### [What is required]
An exact transcript is required of the lines below, from the one containing "Ремонт микроволновой печи – советы" through the very last; leave every picture out of it.

START Extracted records

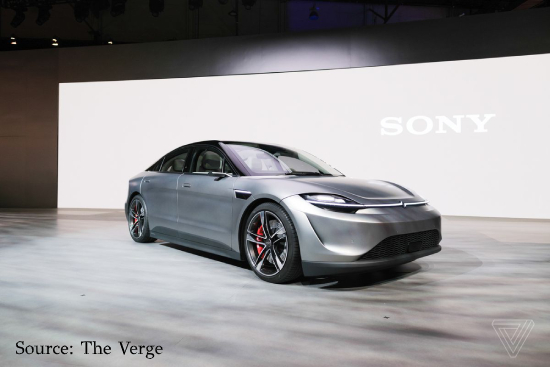 Sony’s Vision-S concept electric car CES 2020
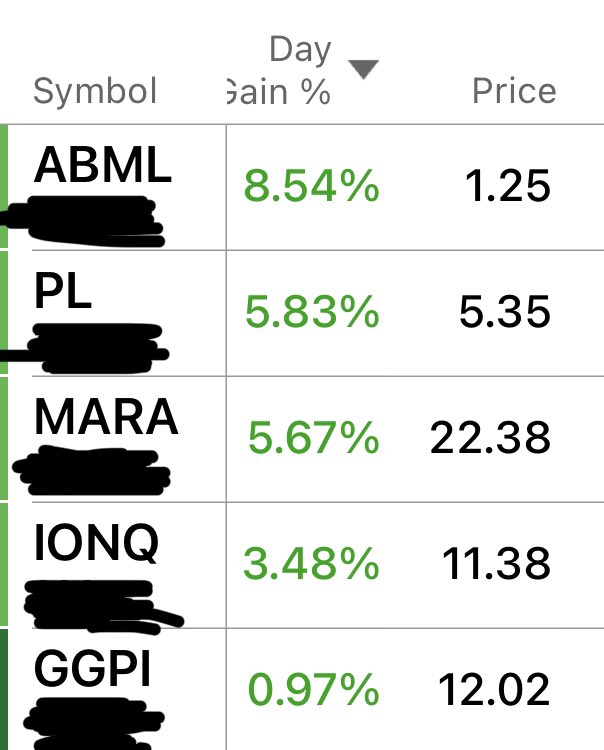 RhinoRally's tweet photo. I put my list of my Top 300 Tickers Results @beginner_group  in the #RhinoRallyWatchlist Channel. I’ve been building this WL for months to keep record of how the market moves. I’m building a tool that’s becoming quite helpful. 😎👍 $ABML $PL $MARA $IONQ $GGPI 🦙#AdaptableAlpaca https://t.co/O0blsI4qYL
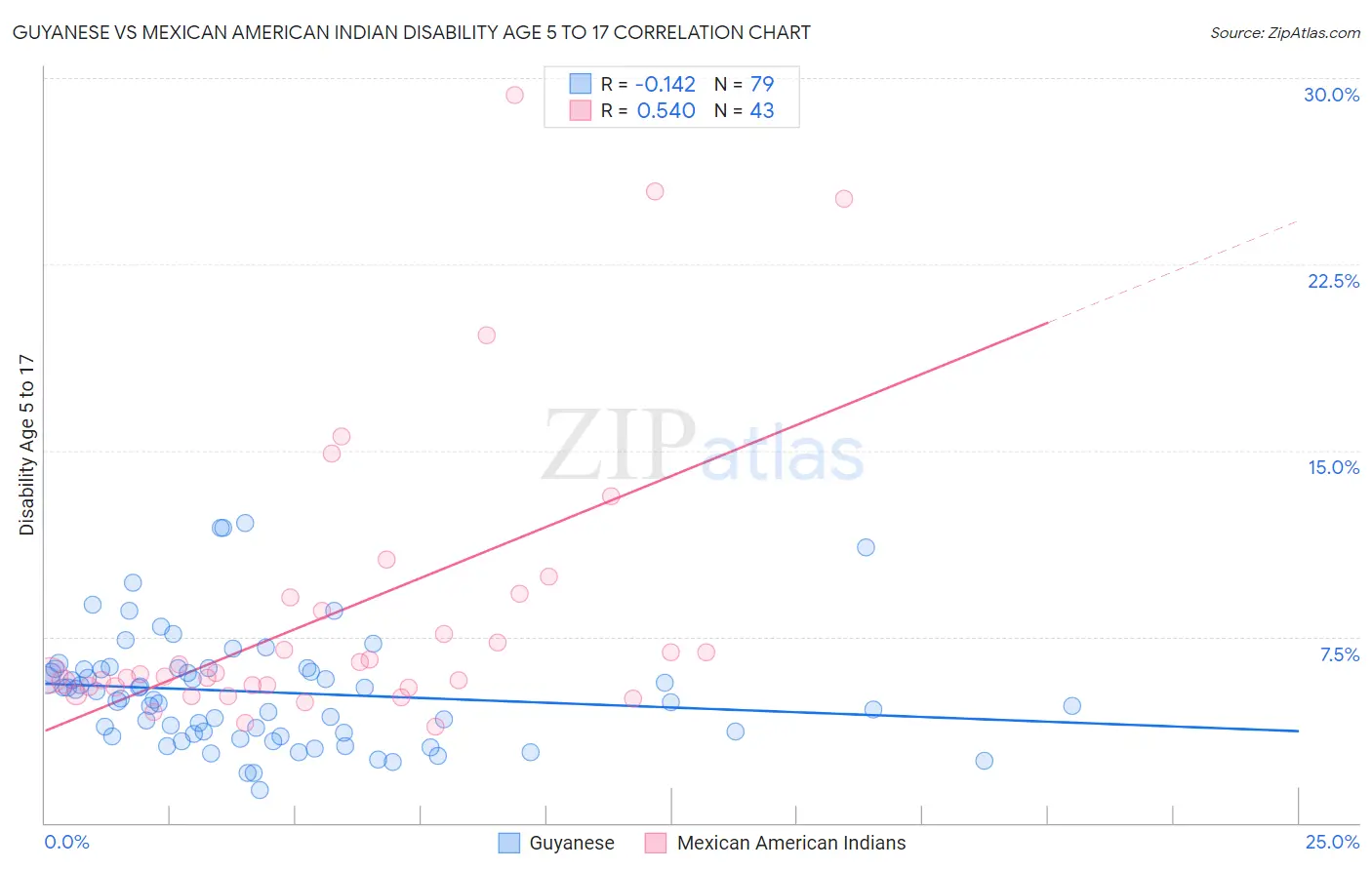 Guyanese vs Mexican American Indian Disability Age 5 to 17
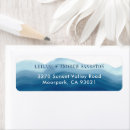Search for navy blue labels Watercolor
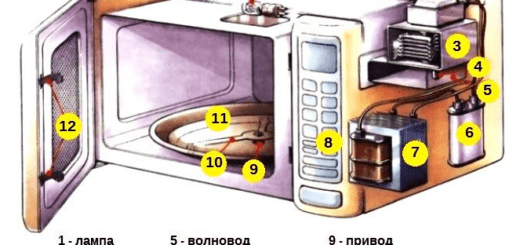 Ремонт микроволновой печи – советы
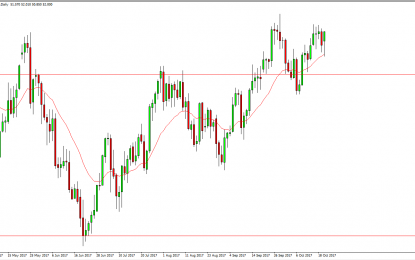 WTI Crude Oil And Natural Gas Forecast – Monday, October 23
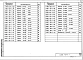 Выпуск 1-1 Колонны высотой 4,8; 6,0-4,8 м. Армирование и простаранственные каркасы. Рабочие чережи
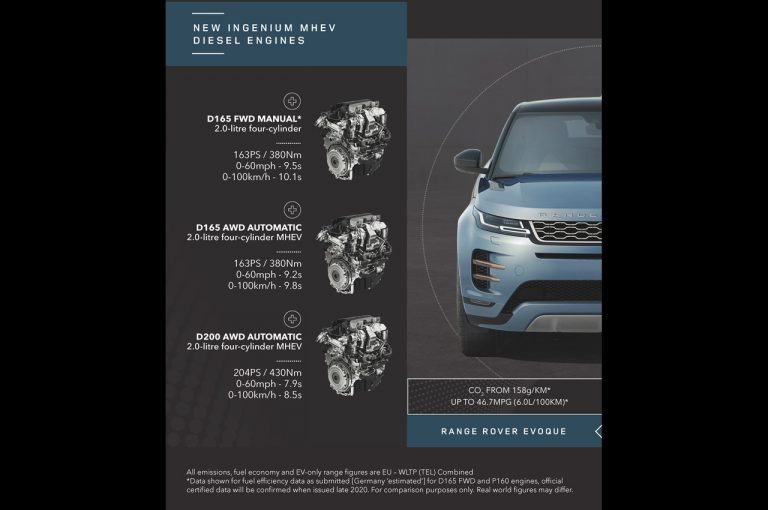 Range Rover Evoque 2021 e Land Rover Discovery Sport 2021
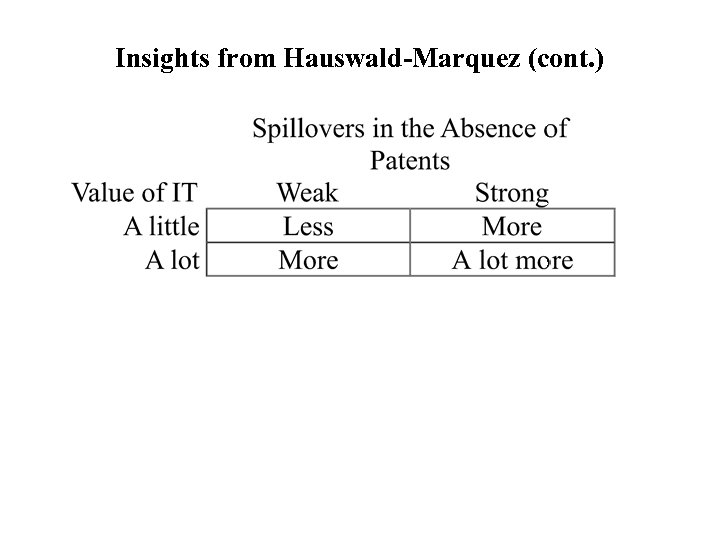 Insights from Hauswald-Marquez (cont. ) 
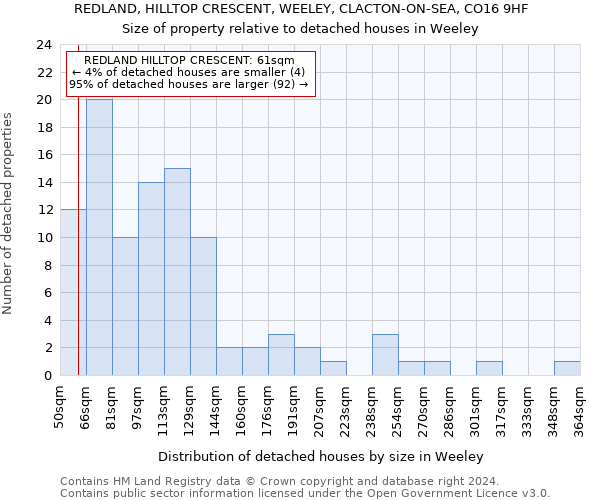 REDLAND, HILLTOP CRESCENT, WEELEY, CLACTON-ON-SEA, CO16 9HF: Size of property relative to detached houses in Weeley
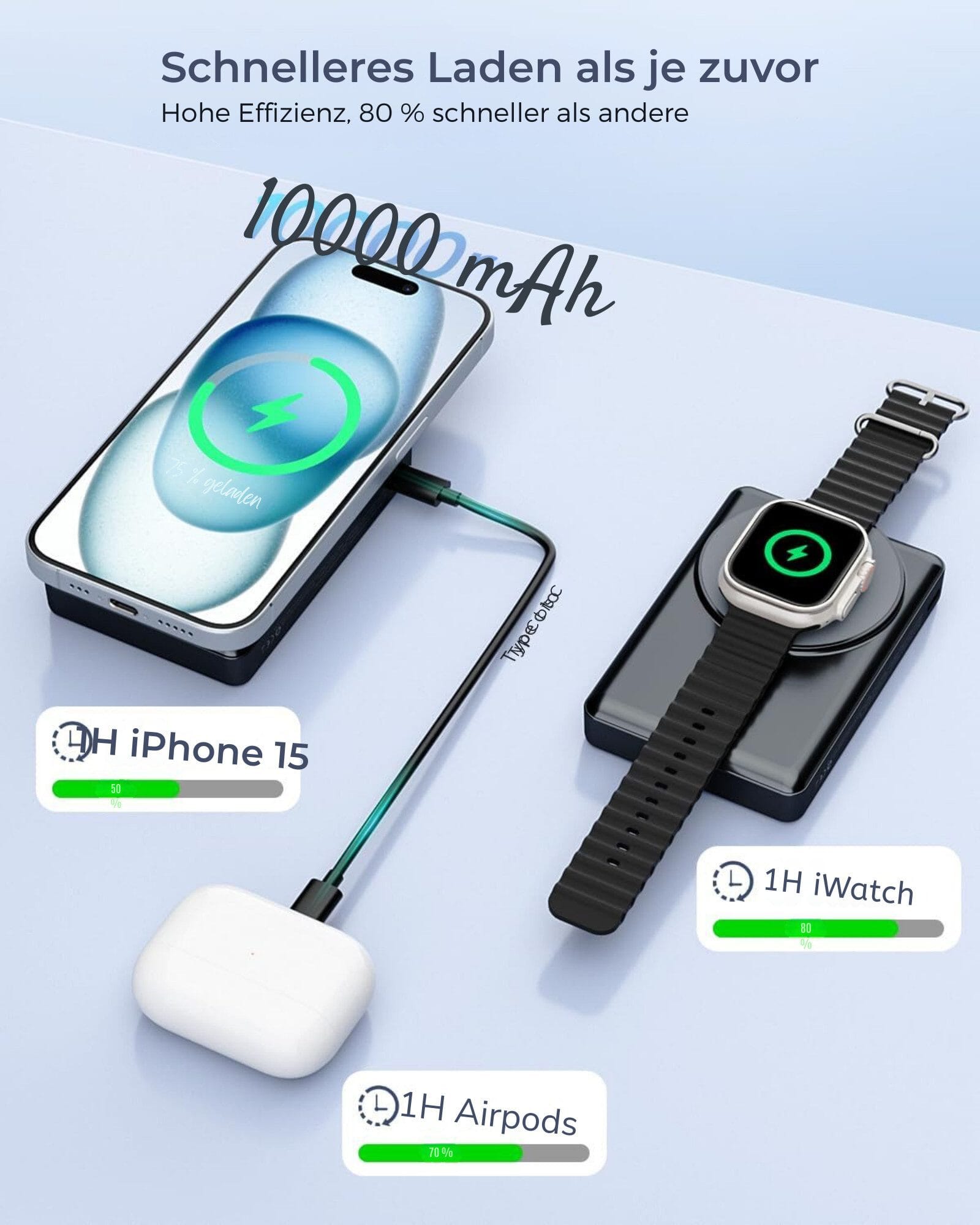 MagSafe Powerbank 10000mAh mit Schnellladefunktion, 20W USB-C PD Powerbank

END Extracted records

### [Exercise output]
 Ремонт микроволновой печи – советы
 WTI Crude Oil And Natural Gas Forecast – Monday, October 23
 Выпуск 1-1 Колонны высотой 4,8; 6,0-4,8 м. Армирование и простаранственные каркасы. Рабочие чережи
 Range Rover Evoque 2021 e Land Rover Discovery Sport 2021
 Insights from Hauswald-Marquez (cont. ) 
 REDLAND, HILLTOP CRESCENT, WEELEY, CLACTON-ON-SEA, CO16 9HF: Size of property relative to detached houses in Weeley
 MagSafe Powerbank 10000mAh mit Schnellladefunktion, 20W USB-C PD Powerbank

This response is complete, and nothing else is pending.